Tracking the seasonal movements of Walleye: Kaministiquia River, Thunder Bay
Photo: © Environment and Climate Change Canada.
2010-2011 to 2012-2013 Funding: $120,000 over three years, including $40,000 provided by the Great Lakes Sustainability Fund
Other Project Contributors: Ontario Ministry of Natural Resources and Forestry, and Ontario Power Generation.
A project supported by the Great Lakes Sustainability Fund is using innovative technology to gain insight into the seasonal movement patterns of walleye, an important sportfish, to determine if they are affected by effluent from a large pulp and paper mill on the Thunder Bay waterfront.
The Thunder Bay Area of Concern extends about 28 kilometres along the shoreline of Lake Superior and up to 9 kilometres offshore from the City of Thunder Bay. The Area of Concern’s watershed is drained by the Kaministiquia River system and a number of smaller rivers and creeks. The area supports both commercial and sport fisheries. Thunder Bay is one of Canada’s largest freshwater shipping ports, and it is the largest community on Lake Superior.
Environmental concerns in the Area of Concern have focused on the water quality impacts of industrial and urban development along the Thunder Bay waterfront and adjoining tributaries. Over the years, industrialization, dredging, waste disposal, channelization and the release of pollutants have eliminated quality fish and bird habitat along the waterfront. While improved effluent treatment and changes in industrial processes have significantly reduced impacts in recent years, environmental challenges remain.
The project set out to document the location and movement patterns of adult walleye within the Kaministiquia River through different seasons. Using transmitters implanted into more than 20 walleye, investigators were able to track the fish movements through sound wave signals. The data provided key information on the fish population’s critical habitats and migration routes. The data will enable project partners to determine whether treatment improvements at the mill have reduced barriers to fish migration.
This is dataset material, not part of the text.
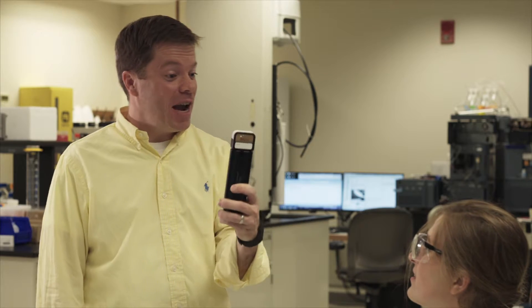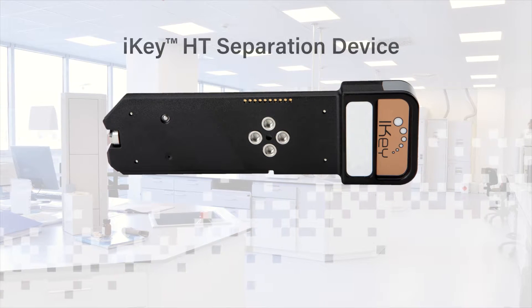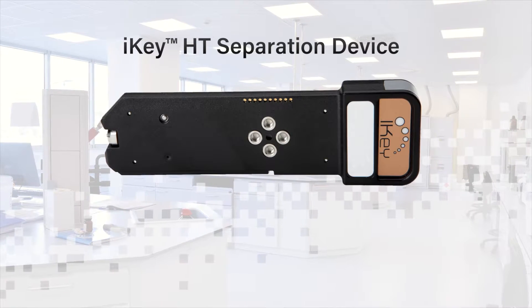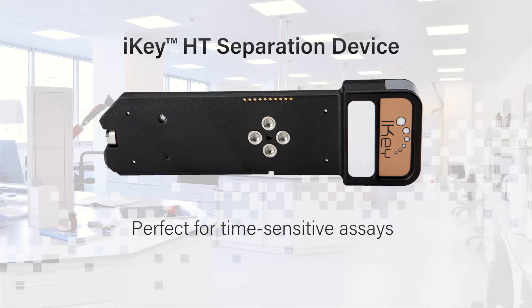Hey, what are you still doing here? I needed to finish running these samples, but I needed the enhanced sensitivity of Microflow. Why don't you try the iKey HT? The iKey HT — it's the latest and greatest in high-throughput technology. All the benefits of Microflow without losing any time. It's perfect for those time-sensitive assays that you need to get done.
Preliminary analysis suggests that the walleye frequently moved through areas where effluent is discharged from the mill. A period of reduced movement was observed during the spawning season and the month of August. However, both of these periods of reduced movement are a reflection of natural patterns related to habitat use, rather than avoiding discharged effluent. These findings suggest that the occasional barriers to fish movement that formerly existed due to pulp mill effluent discharge are no longer a factor for walleye in Thunder Bay.